I find it hard to embrace much of the gaming lexicon (I will never for example accept that anything can be win), but “grind” is such an appropriate term for what it is: the ever-spinning wheel that takes in all the joy and novelty of a game and crushes it into the fine powder of relentless tedium. Valkyria Chronicles II organizes itself into months, each one containing a single “Story Mission” that you must complete in order to progress to the next one. To unlock those, you first have to complete a set number of “Key Missions” that take place on maps you’ve already played, using objectives, enemies and gimmicks you’ve already bested. And it gets old fast.

Sure, he's a psychotic racist and he leads an army of arcane cyborgs, but he's got nothing on Grind.
Sure, he's a psychotic racist and he leads an army of arcane cyborgs, but he's got nothing on Grind.

But at first it’s not so bad. In fact, it actually works adequately into the academic setting as training drills (each complete with a grade). They also serve to space out the character moments and give the story room to feel like its actually taking place over a year. But as the game goes on, the Key Missions get longer and you have to complete more of them and they start to become a drag. After a certain point in the story, the academic setting and school year framework cease to be relevant anyway; so it’s like getting homework after you graduate and it also makes narrative progression far too awkward.

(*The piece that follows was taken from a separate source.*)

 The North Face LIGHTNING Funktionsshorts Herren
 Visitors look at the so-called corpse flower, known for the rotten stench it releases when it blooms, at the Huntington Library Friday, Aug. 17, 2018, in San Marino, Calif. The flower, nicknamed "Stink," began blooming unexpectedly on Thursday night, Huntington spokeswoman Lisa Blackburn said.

When you add in the fact that after that same point, it becomes painfully obvious that each of your remaining story missions will be devoted to finishing off a villain character you’ve already fought – and who do nothing to mix up their routine (excepting of course the Boy Who Would Be Last Boss) – anticipation wanes and you have to force yourself to finish.

The game doesn’t do itself any favors either. Character storylines all culminate in new missions that are neat, but completely extraneous. Had they been allowed to count toward your Key Mission total, they could have done well to reduce they drain. But as it stands, they’re just more work. Also, gaining weapon upgrades and tank enhancements is no longer tied exclusively to level and story progression, but also requires you to collect random material drops after missions. And some materials are exclusive to certain months, so you’ll have to replay earlier missions (which don’t count toward your current total) in the hope that you’ll get them.

It takes about forty hours to complete this game, but you spend less than half of that doing something vaguely meaningful. Basically, Valkyria Chronicles II is a magnificent short game stretched into an adequate long one. The story’s decent, but it fizzles off near the end when the high school setting starts to feel intrusive rather than supportive and it doesn’t have the same emotional resonance as the first game’s climax did. The gameplay’s more or less the same, but not as varied or as elegant. It’s got the obligatory plus mode, but after the slog of the last three months, I can’t see myself making use of it any time soon.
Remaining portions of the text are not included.